蒲蒲線は本当に必要? 総工費1248億円、わずか0.8km区間で問われる「都市鉄道の採算リスク」
東急・JR蒲田駅と京急蒲田駅を結ぶ蒲蒲線は総事業費約1,248億円の国家プロジェクトで、羽田アクセス改善と都市圏鉄道連携を狙う。一方、短距離・高コスト・採算リスクも抱え、都市全体の効率確保が課題となる。
筆者の意見

蒲蒲線は、地域交通の空白地帯解消と羽田アクセスの一体化に不可欠な路線である。現状では、東急蒲田駅から京急蒲田駅や羽田空港へは路線バスのみであり、空港利用者や通勤客の移動効率は著しく低い。
この計画は東急グループが主導している。背景には、自社ネットワークの強化と、東横線・目黒線を通じた羽田アクセスの多様化がある。東急沿線居住者にとって、現在は成田空港アクセスより羽田アクセスが劣り、地域間競争上の弱点となっている。

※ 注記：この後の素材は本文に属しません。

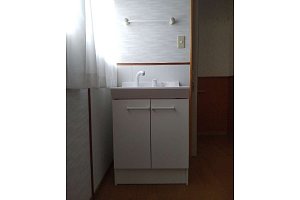洗面台　洗面化粧台　洗面化粧台リフォーム　リフォーム　洗面台交換　トイレ　トイレリフォーム　トイレ交換　クリナップ　ファンシオ　LIXIL　V1　アメージュZ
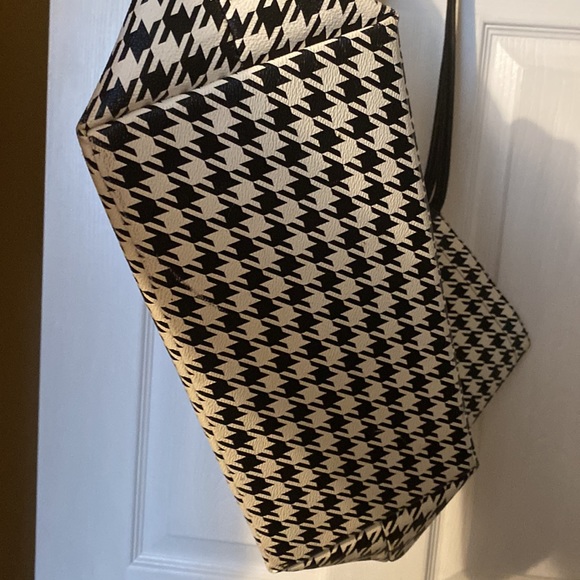 Vera Bradley Large Vinyl Tote Houndstooth Zippered - Picture 4 of 13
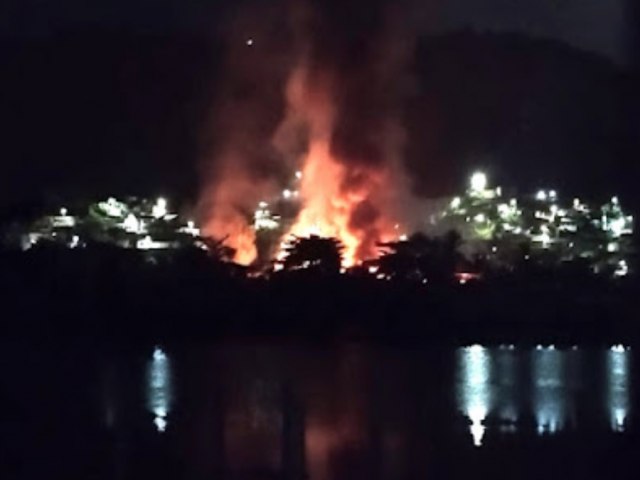 Incêndio atinge depósito de material de construção em São Félix-Ba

国・東京都・大田区も事業化を正式に認定しており、制度面と財政面の後押しは明確だ。もはや構想段階ではなく、実行段階にあると考えてよい。開業には10年以上かかるが、インバウンド回復や空港拡張、国際都市としての東京の成長を考慮すれば、都市インフラとしての投資価値は高い。
既存の鉄道路線では代替できず、将来の都市圏交通ネットワークを支える基盤インフラとして推進すべきだ。